**The records**

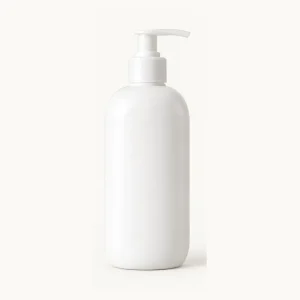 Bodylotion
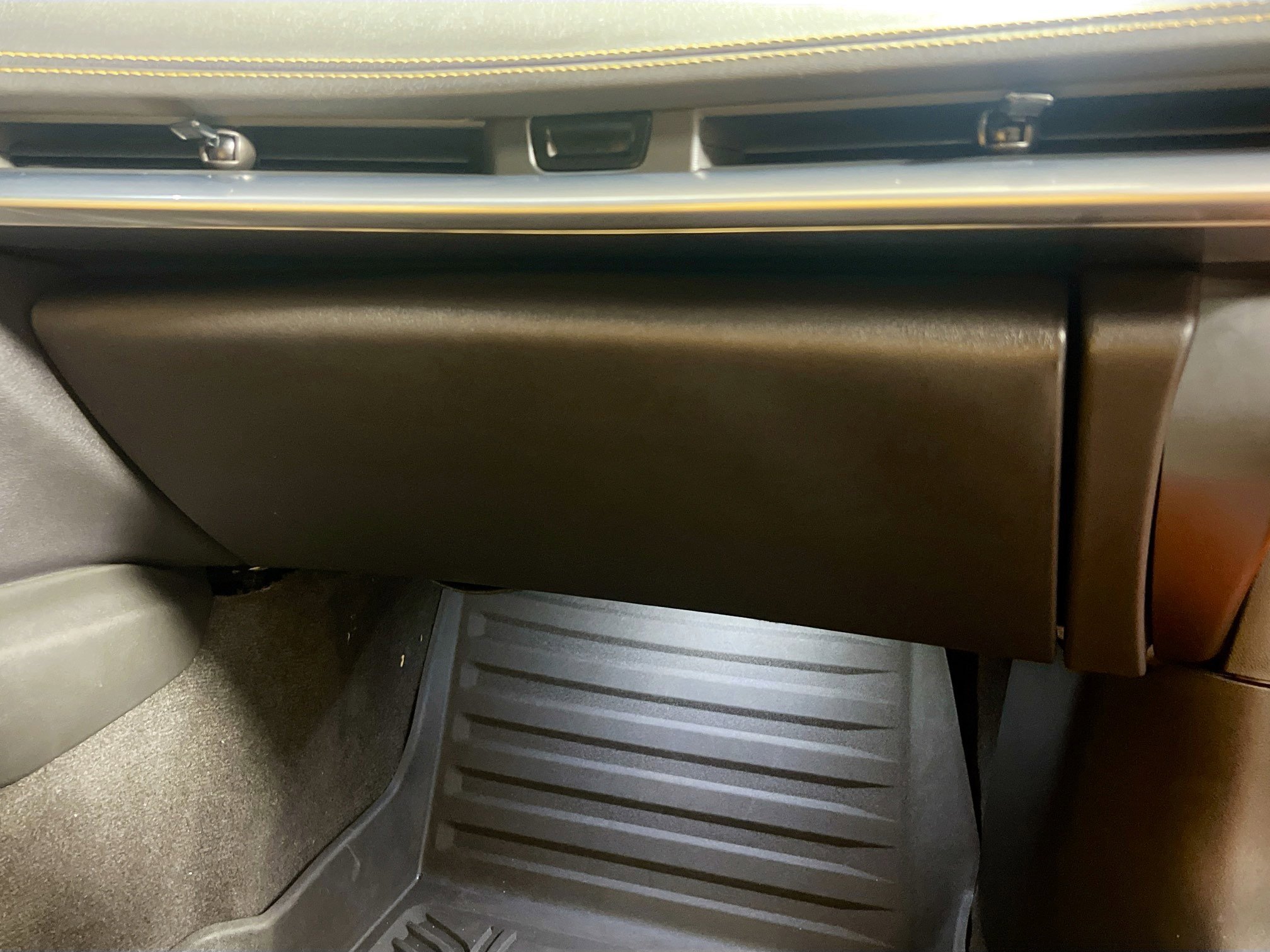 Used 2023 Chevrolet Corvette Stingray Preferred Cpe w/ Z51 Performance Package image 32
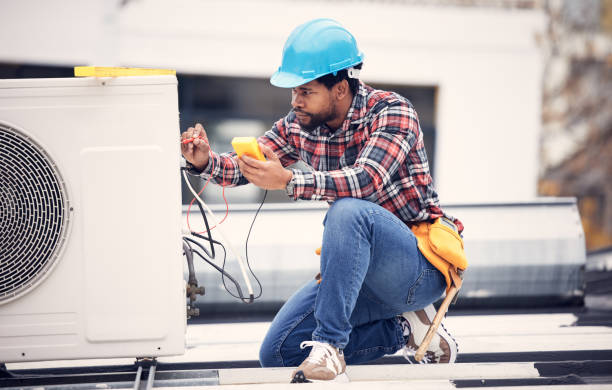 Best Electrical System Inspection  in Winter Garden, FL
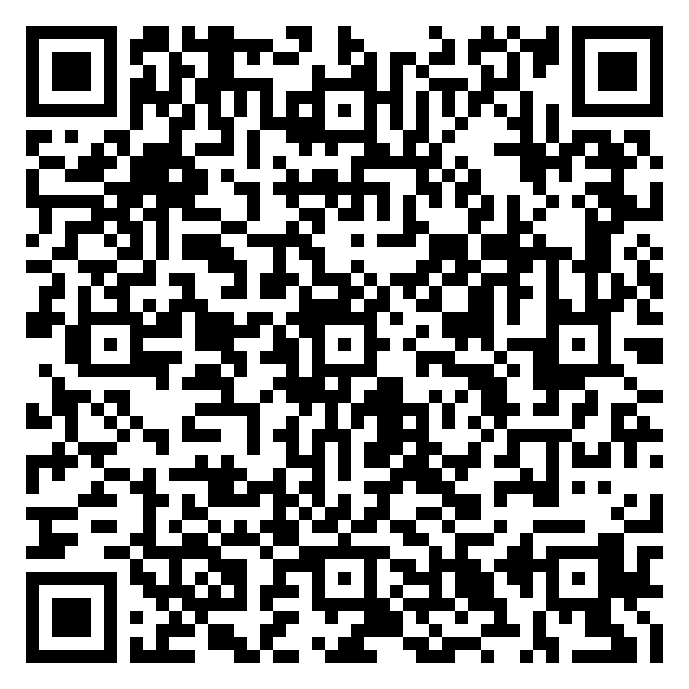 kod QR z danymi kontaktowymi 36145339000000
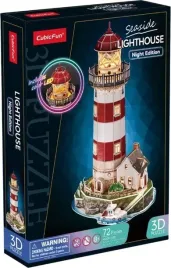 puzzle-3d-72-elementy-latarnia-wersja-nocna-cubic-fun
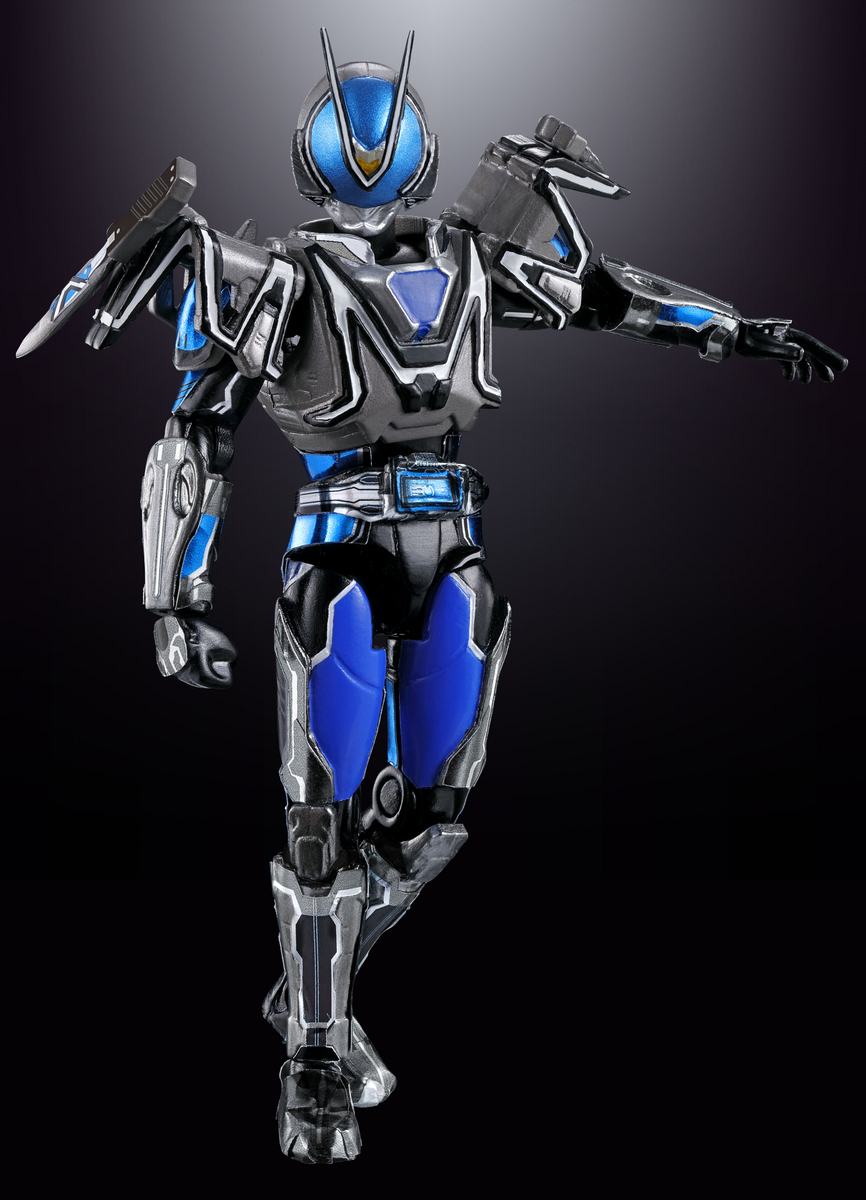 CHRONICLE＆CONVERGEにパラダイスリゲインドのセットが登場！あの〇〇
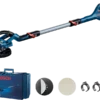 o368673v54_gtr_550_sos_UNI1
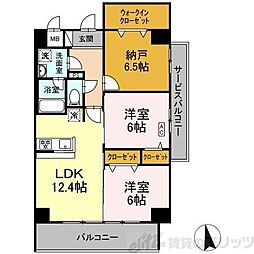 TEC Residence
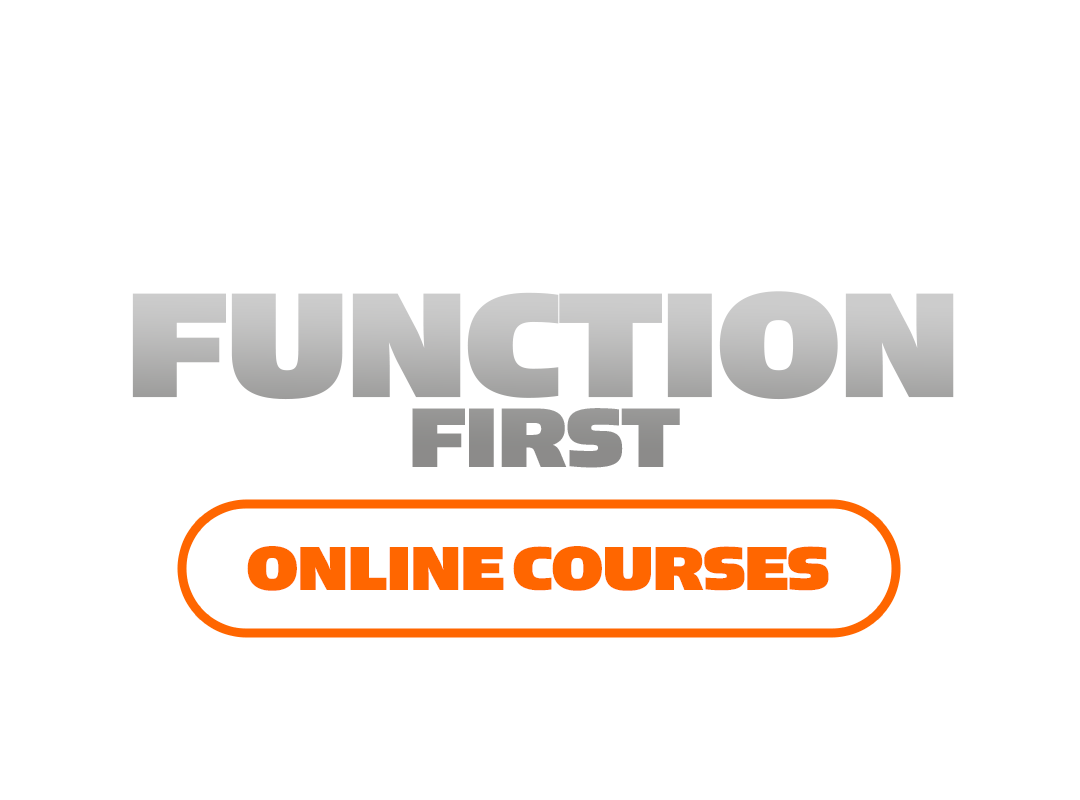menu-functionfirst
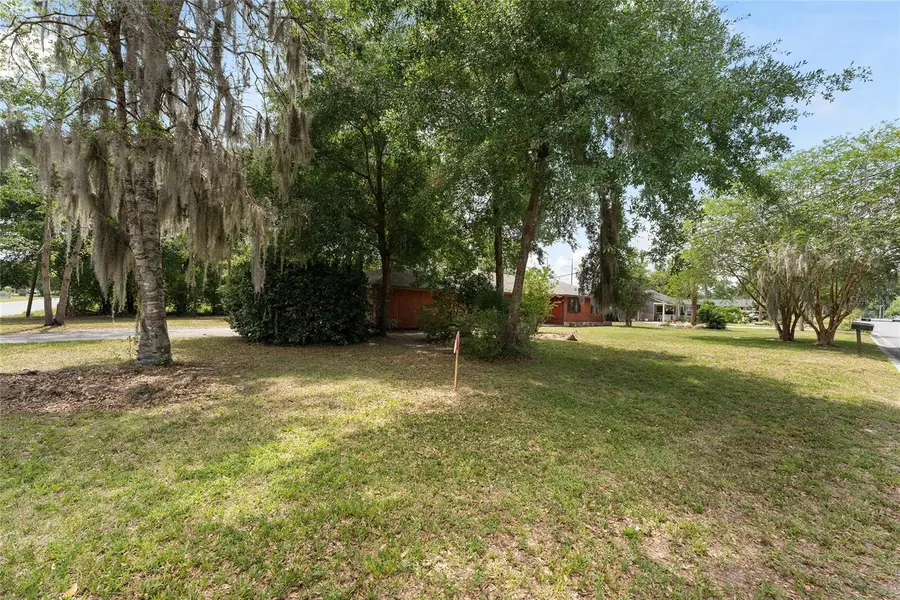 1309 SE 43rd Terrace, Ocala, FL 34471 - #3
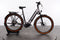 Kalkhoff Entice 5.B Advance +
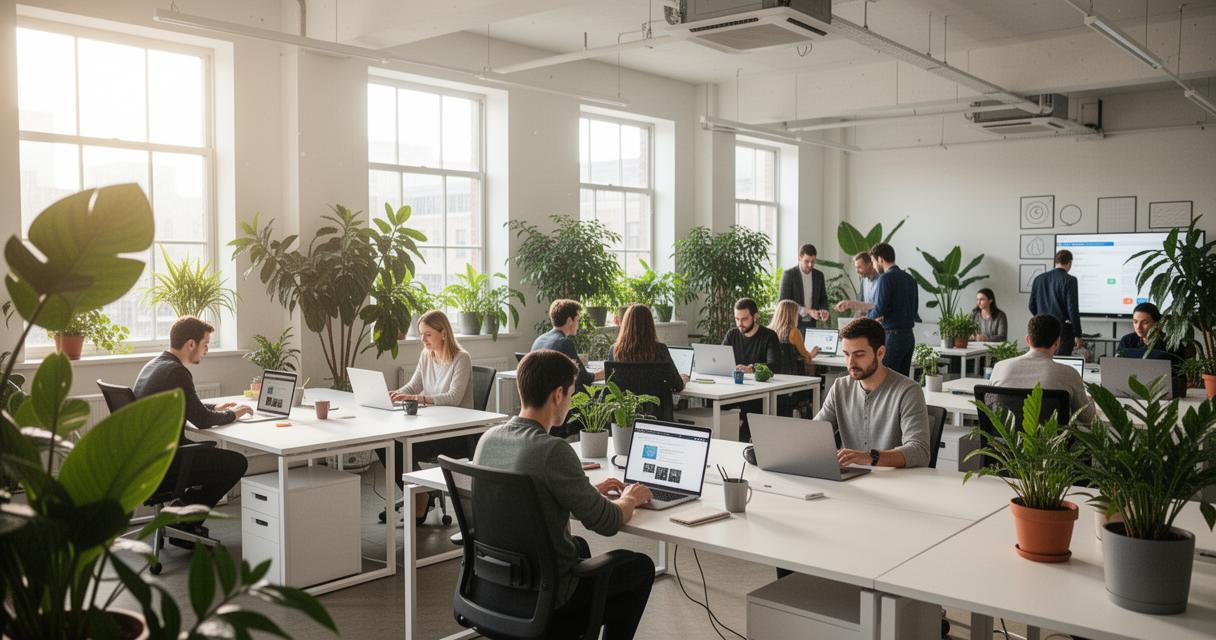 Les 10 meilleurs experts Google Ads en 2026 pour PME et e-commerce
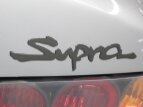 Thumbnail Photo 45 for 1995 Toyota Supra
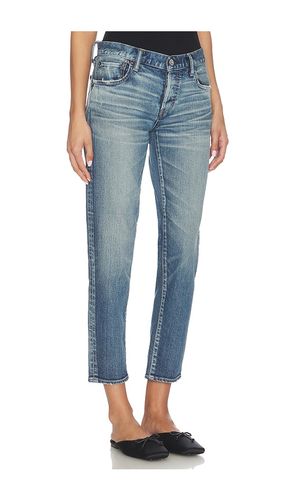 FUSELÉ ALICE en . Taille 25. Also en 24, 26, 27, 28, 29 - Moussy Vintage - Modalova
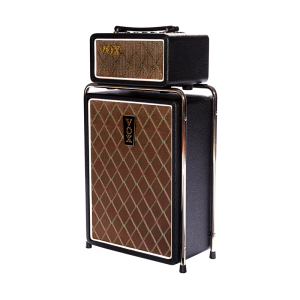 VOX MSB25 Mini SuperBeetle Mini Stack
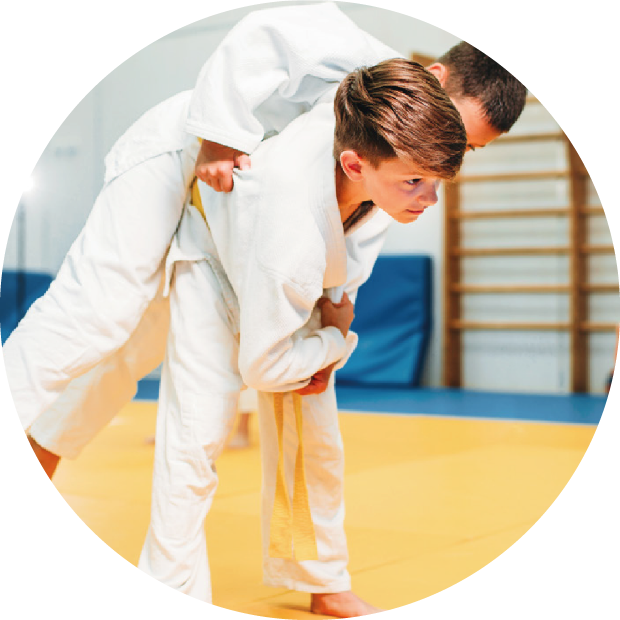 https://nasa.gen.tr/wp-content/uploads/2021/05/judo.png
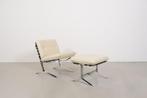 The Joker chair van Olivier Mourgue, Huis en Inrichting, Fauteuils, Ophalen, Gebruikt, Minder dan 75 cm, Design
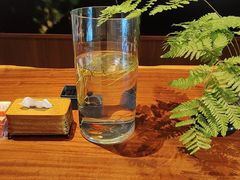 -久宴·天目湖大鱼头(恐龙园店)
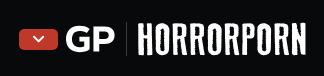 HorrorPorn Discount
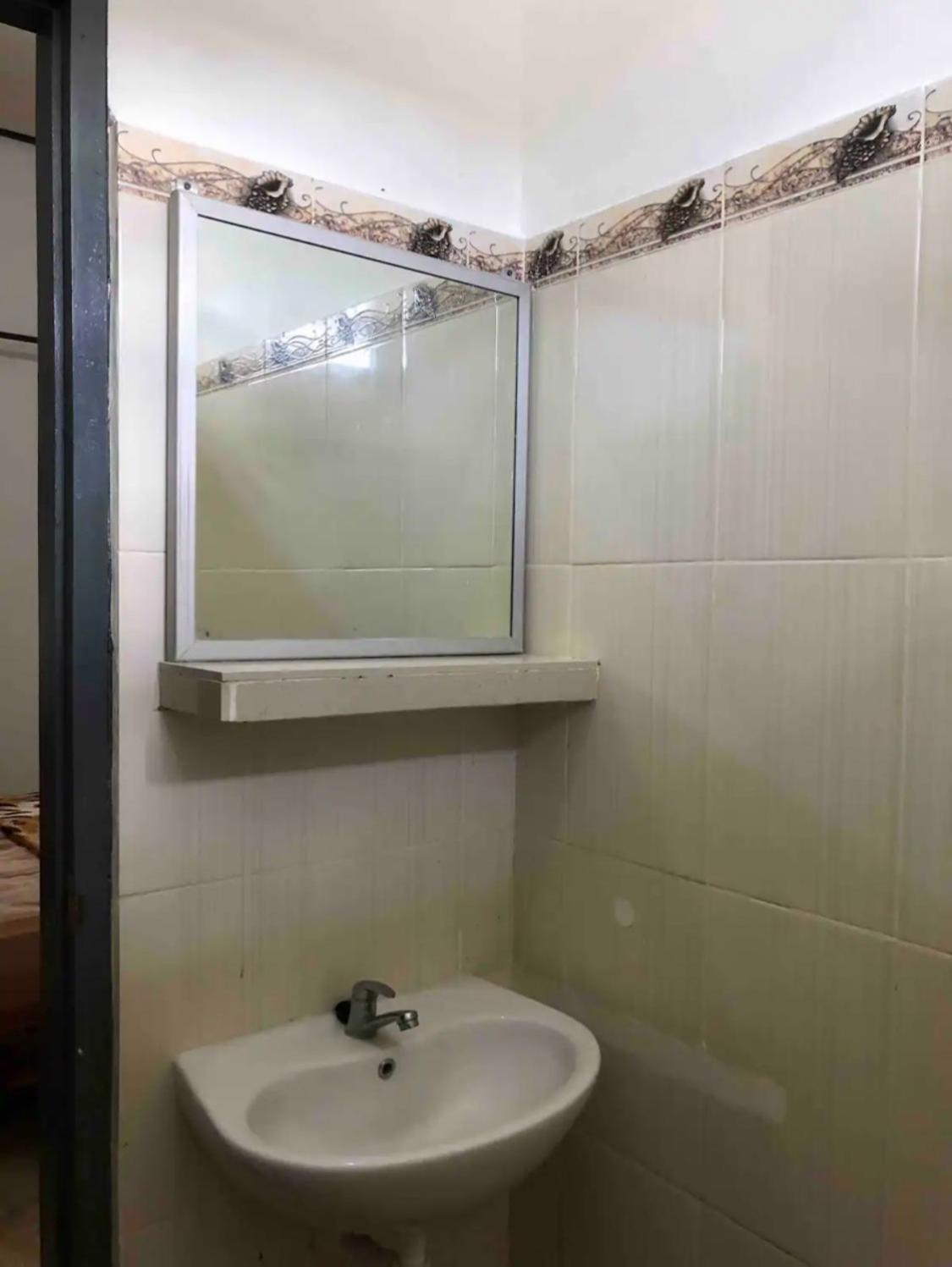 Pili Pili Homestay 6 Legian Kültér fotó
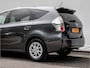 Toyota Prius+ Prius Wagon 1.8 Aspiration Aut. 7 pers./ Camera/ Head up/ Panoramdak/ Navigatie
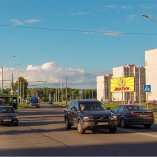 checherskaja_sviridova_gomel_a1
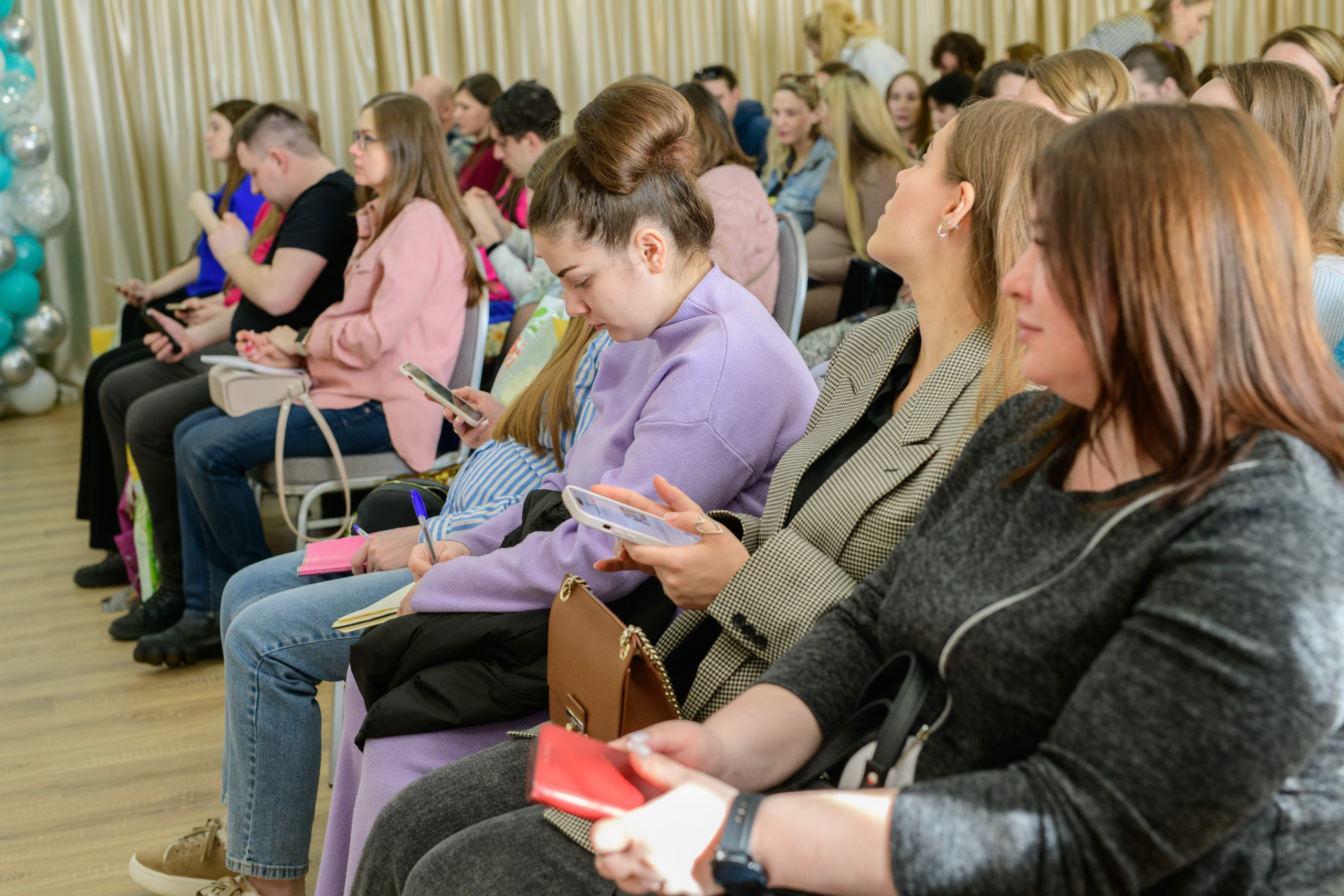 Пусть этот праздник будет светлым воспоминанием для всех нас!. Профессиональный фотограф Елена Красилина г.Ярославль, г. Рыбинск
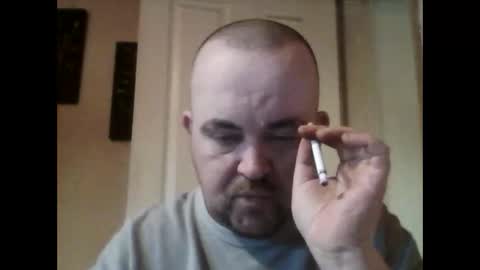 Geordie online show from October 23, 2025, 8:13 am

**What to do**
The range to set down runs from the line containing "Pili Pili Homestay 6 Legian Kültér fotó" through the final line of the data, both ends included; give it exactly and drop the pictures.

**Response for this exercise**
 Pili Pili Homestay 6 Legian Kültér fotó
 Toyota Prius+ Prius Wagon 1.8 Aspiration Aut. 7 pers./ Camera/ Head up/ Panoramdak/ Navigatie
 checherskaja_sviridova_gomel_a1
 Пусть этот праздник будет светлым воспоминанием для всех нас!. Профессиональный фотограф Елена Красилина г.Ярославль, г. Рыбинск
 Geordie online show from October 23, 2025, 8:13 am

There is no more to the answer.